BUENOS AIRES (REUTERS) - Argentine President Cristina Fernandez faced a tough midterm primary election test, with early results showing headwinds to any effort by her allies to pass a constitutional amendment allowing her to run for a third term in 2015.
Candidates for October legislative elections are being chosen. With no competition among candidates on the lists offered by most parties, and with voters allowed to split the ticket among their choices for the Chamber of Deputies and Senate, Sunday's vote serves as a mega-opinion poll on Ms Fernandez's heavy-handed trade and economic policies.
An over-valued currency, protectionist trade policies, ever-tightening foreign exchange controls and Ms Fernandez's decision to nationalise Argentina's private pension system and top oil company YPF have upset investors and trade partners.

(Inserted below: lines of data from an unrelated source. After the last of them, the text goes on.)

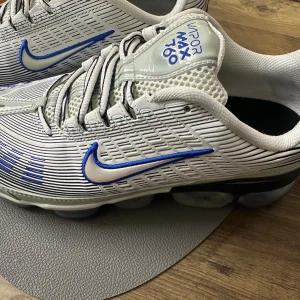 Nike Air Vapormax 360 vita/blå sneakers - Nike Air Vapormax 360 sneakers i vitt med blå detaljer och silverfärgad mesh. Skorna har en futuristisk design med genomskinlig, bubblig sula och blå Swoosh-logga. Ovandelen är i syntet och mesh med snörning och coola linjemönster.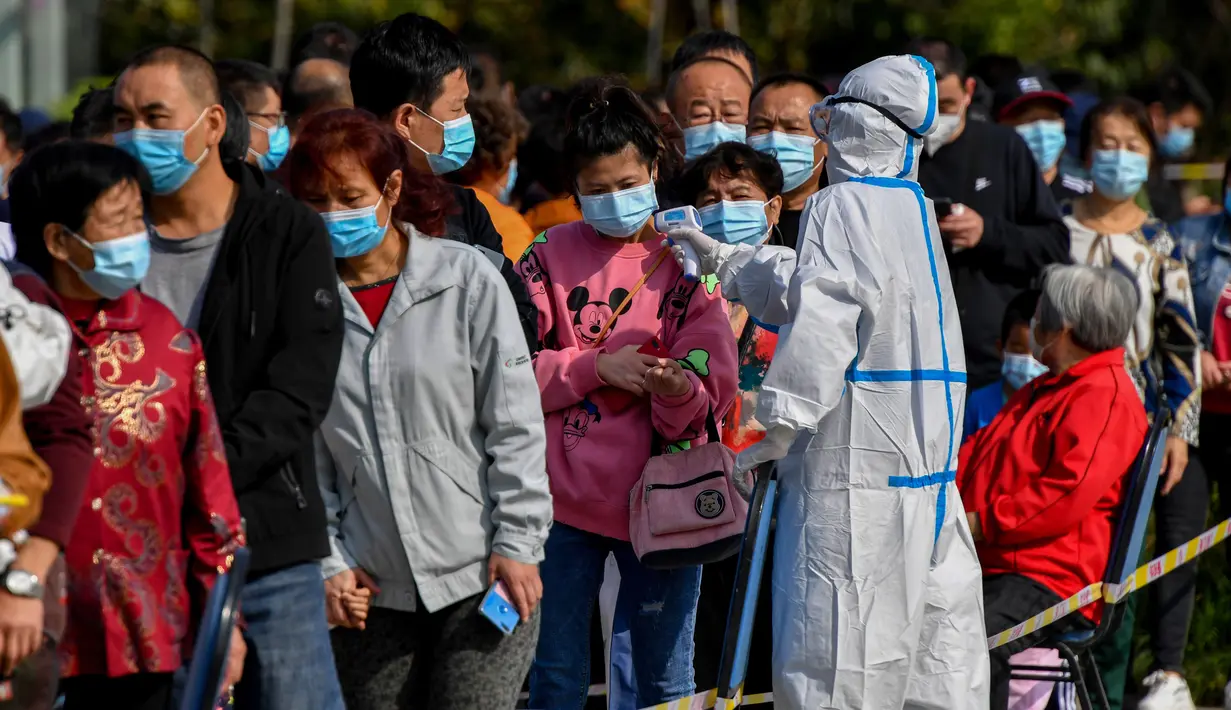 Petugas medis mengukur suhu warga saat mereka antre untuk tes COVID-19 di dekat daerah perumahan di Qingdao, China, Senin (12/10/2020). Lebih dari 9 juta orang yang tinggal di kota Qingdao, menjalani tes virus Corona (COVID-19) secara massal setelah muncul kasus baru. (STR/AFP)
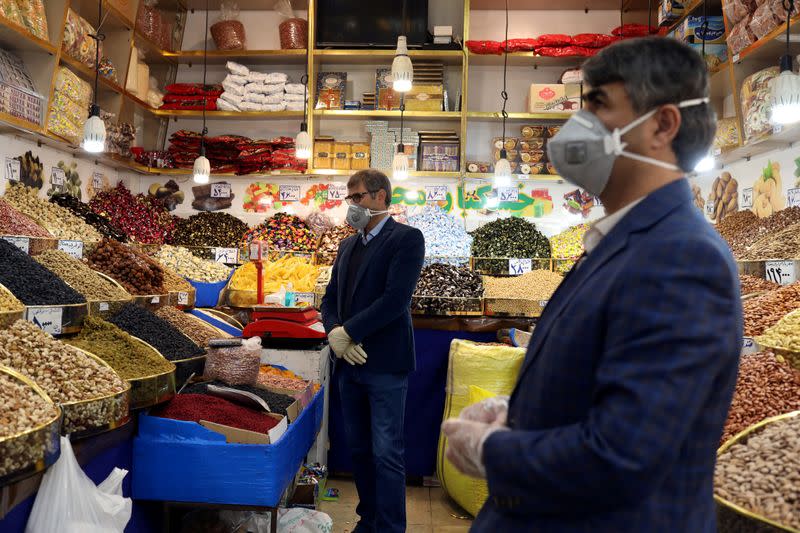 FILE PHOTO: Men wear protective face masks and gloves, following the outbreak of coronavirus, as they are seen in a nuts shop in Tehran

Argentina's bond investors and those interested in its vast farm and shale oil resources watched the primary for signs that voters may be tiring of Ms Fernandez's approach and are ready for a market-friendly leader in 2015.
The first indication, based on official data with 6 per cent of the vote counted, showed opposition leader Sergio Massa ahead in the must-win province of Buenos Aires, which is home to 40 per cent of Argentina's electorate.

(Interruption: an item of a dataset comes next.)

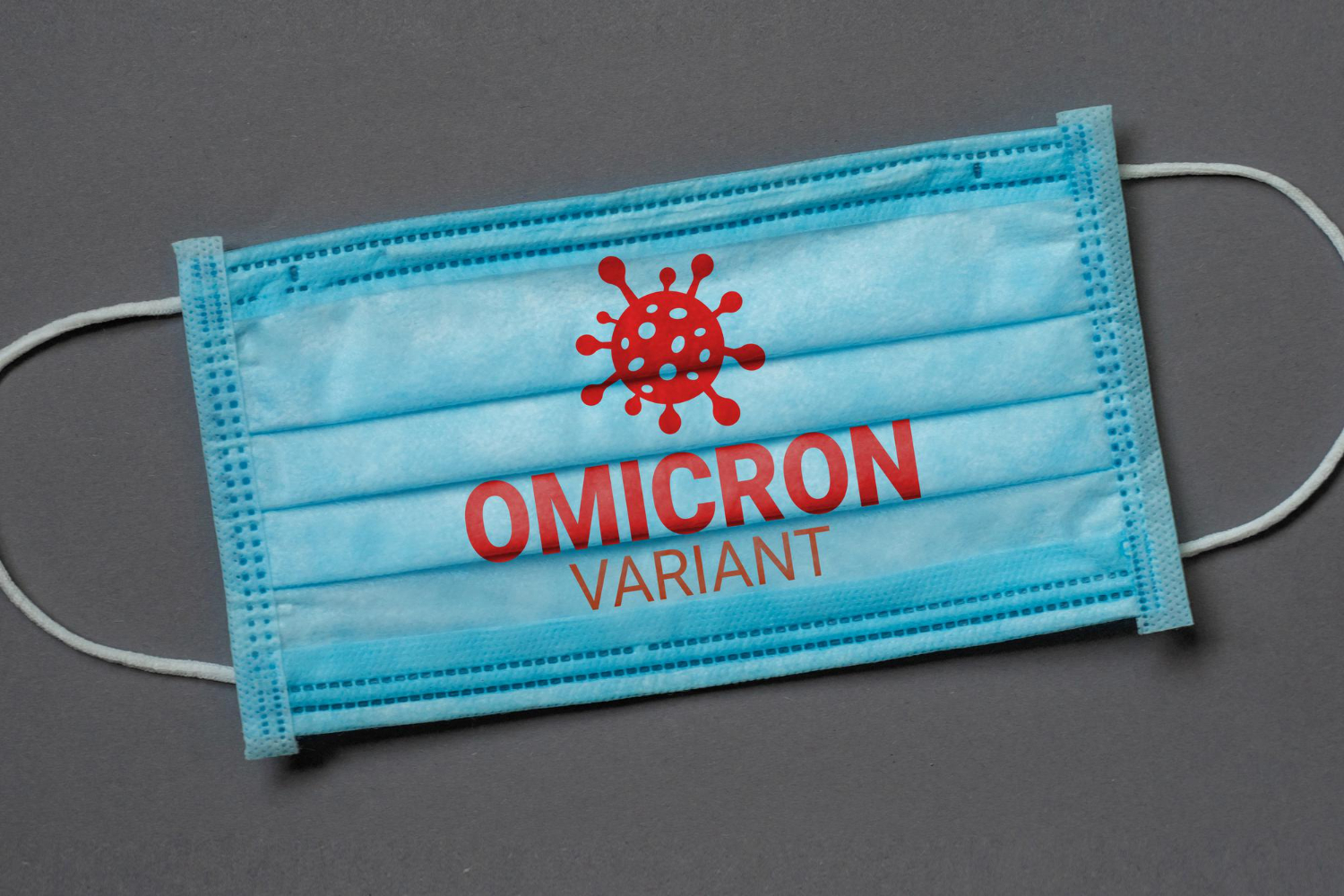 blue medical face mask lies dark grey background with inscription omicron variant coronavirus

According to the early county, Mr Massa and his list had 30 per cent of the ballots cast, about 3 percentage points ahead of Ms Fernandez's coalition.
Mayor of the affluent town of Tigre, Mr Massa headed his party's list of candidates for the Chamber of Deputies and is seen as a likely market-friendly presidential candidate.

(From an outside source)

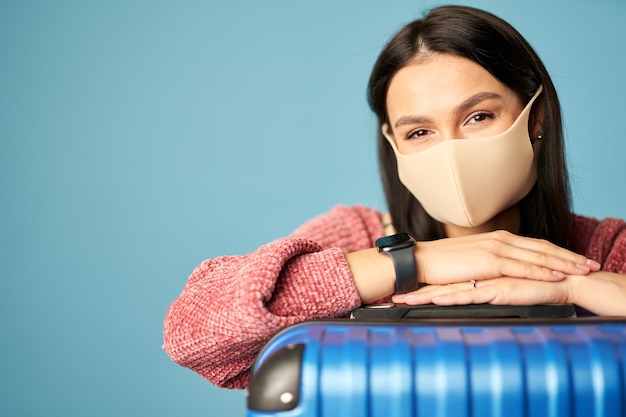 Turista mujer caucásica con una máscara antivirus con maleta posando sobre fondo azul. Copie el espacio. Concepto de viaje, coronavirus.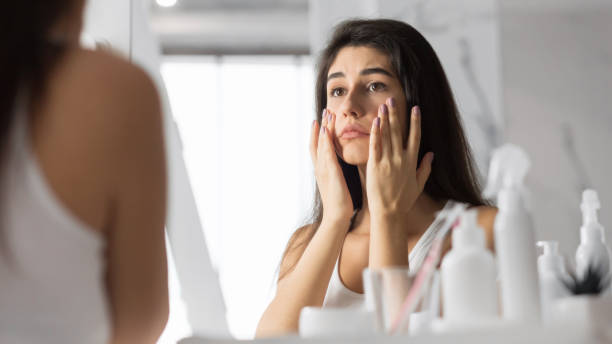 mujer tocando la cara mirando la piel en el espejo en el baño - wrinkle treatment fotografías e imágenes de stock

"A victory by Massa would be a definite market positive," said Mr Alberto Bernal, head of emerging markets at Bulltick Capital Markets.
Partial vote counts in Cordoba, Santa Fe and Mendoza provinces showed Ms Fernandez's political allies lagging various opposition candidates.
Argentine bonds have outperformed the market so far this year, partly based on expectations that Ms Fernandez will lose political clout as 2015 approaches.
Buenos Aires provincial government bonds due in 2020/21 have returned 13 per cent so far this year while emerging market bonds in general are down about 10 percent, Bernal said.
"My sense is that tomorrow we'll see another pop in prices," he added.
"Her chances of staying in office past 2015 are looking very low right now."
Ms Fernandez, 60, says she is not thinking about a possible third term, but talk persists that her congressional allies want the constitution changed to allow her to run again.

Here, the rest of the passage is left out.